Unfortunately, not all states report all information, so that makes things a little bit difficult.

For New Hampshire:


You can calculate the active cases by taking the positive number of cases and subtracting recovered and subtracting deaths. For New Hampshire (at the time of this post) the active cases were 1798 and the number actively hospitalized is 113 or 6.2% of all the active cases in New Hampshire.

If you actually take a look at all of the data - but you can only include states that report recovered cases, otherwise your number of active cases is going to be substantially wrong.
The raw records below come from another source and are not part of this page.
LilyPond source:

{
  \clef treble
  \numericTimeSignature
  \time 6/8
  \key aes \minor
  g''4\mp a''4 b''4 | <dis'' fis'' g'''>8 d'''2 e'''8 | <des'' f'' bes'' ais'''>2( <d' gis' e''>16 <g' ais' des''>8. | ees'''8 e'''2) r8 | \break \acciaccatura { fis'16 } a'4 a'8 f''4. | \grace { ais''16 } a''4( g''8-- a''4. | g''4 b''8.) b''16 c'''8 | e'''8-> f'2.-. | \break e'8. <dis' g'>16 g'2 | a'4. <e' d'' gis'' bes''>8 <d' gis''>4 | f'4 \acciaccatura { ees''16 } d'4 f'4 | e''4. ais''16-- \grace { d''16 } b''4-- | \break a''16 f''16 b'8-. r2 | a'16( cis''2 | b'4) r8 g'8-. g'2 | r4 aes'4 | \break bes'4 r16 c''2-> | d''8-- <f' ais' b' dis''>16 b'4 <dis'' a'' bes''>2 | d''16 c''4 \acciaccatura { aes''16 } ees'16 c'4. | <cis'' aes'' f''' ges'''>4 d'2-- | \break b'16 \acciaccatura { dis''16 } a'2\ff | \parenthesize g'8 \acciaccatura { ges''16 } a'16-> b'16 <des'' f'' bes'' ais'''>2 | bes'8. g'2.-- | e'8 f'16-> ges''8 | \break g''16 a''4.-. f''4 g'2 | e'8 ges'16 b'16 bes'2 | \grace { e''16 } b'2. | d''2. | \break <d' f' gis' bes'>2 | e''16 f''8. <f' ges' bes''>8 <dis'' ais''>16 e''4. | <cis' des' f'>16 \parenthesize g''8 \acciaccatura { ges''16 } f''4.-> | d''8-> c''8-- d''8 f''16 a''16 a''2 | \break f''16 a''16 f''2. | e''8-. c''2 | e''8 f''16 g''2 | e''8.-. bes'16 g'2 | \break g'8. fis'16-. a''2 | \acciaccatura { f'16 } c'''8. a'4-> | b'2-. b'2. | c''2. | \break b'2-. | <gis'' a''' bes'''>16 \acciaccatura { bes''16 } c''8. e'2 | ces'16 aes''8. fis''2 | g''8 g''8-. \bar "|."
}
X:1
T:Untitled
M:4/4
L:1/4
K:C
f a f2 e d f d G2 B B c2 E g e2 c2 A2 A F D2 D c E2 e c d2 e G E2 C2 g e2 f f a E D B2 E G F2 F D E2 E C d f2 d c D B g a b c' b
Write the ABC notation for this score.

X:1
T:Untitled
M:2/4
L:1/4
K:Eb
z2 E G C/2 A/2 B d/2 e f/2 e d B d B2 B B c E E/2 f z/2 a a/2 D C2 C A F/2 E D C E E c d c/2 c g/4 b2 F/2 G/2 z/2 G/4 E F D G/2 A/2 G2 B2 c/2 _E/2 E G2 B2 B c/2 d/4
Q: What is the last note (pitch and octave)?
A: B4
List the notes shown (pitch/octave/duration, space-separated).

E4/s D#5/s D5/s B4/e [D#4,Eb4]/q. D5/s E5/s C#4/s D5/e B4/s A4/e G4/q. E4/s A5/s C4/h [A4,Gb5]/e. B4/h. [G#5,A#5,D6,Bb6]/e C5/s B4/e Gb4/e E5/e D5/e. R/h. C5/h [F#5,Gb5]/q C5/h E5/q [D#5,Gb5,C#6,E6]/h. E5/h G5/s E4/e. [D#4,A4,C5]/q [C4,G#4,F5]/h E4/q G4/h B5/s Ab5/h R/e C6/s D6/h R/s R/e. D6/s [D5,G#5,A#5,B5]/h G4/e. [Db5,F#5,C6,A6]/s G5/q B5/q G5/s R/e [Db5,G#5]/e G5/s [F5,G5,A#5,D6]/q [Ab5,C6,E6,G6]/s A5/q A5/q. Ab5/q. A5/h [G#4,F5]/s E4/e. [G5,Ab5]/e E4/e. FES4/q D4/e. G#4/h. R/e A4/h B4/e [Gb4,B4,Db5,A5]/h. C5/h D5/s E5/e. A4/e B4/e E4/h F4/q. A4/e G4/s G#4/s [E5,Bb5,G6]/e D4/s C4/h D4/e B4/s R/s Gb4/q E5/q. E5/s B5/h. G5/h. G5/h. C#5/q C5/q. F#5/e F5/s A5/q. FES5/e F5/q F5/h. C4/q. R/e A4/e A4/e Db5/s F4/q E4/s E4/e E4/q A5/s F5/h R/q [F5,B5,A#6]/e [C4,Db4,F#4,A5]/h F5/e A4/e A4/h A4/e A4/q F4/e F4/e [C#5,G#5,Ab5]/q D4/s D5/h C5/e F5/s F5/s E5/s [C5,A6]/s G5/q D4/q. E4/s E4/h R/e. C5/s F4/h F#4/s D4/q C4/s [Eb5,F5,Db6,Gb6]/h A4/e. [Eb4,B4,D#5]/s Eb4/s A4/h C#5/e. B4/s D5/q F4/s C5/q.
The average hospitalization rate in the US (for states that report hospitalizations) is 4.5% with states averaging 780 active hospitalizations - that seems a little high.

Remove New York and New Jersey from this model and your average active number of hospitalizations goes down to 472 - which might be a little high, but reasonable. But this makes your average hospitalization rate 7.1% but still probably reasonable. This would seem to indicate that New Hampshire is in a decent enough spot in this pandemic not to be too fearful.

Probably a better telling stat would be, just how much hospital capacity does New Hampshire have? I'm assuming the state has more than 113 hospital beds, so those 113 Covid-19 patients aren't consuming all of their hospital capacity. Additionally knowing how many ICU cases are in New Hampshire (they don't report that) and the overall ICU capacity for New Hampshire might be an even better stat.

And as you say, the hospitalizations are more than likely in large urban areas. New York state has 7,226 hospitalizations and 257,052 active cases. How much of those are in Upstate New York and how many are in the New York City area? I'd say a large portion of those are in NYC - but I'm just guessing. But it also underscores where all of this divided up information could be more beneficial if we were able to look at it in terms of US Congressional Districts - which I believe would show that the more rural areas are hardly affected by any of this.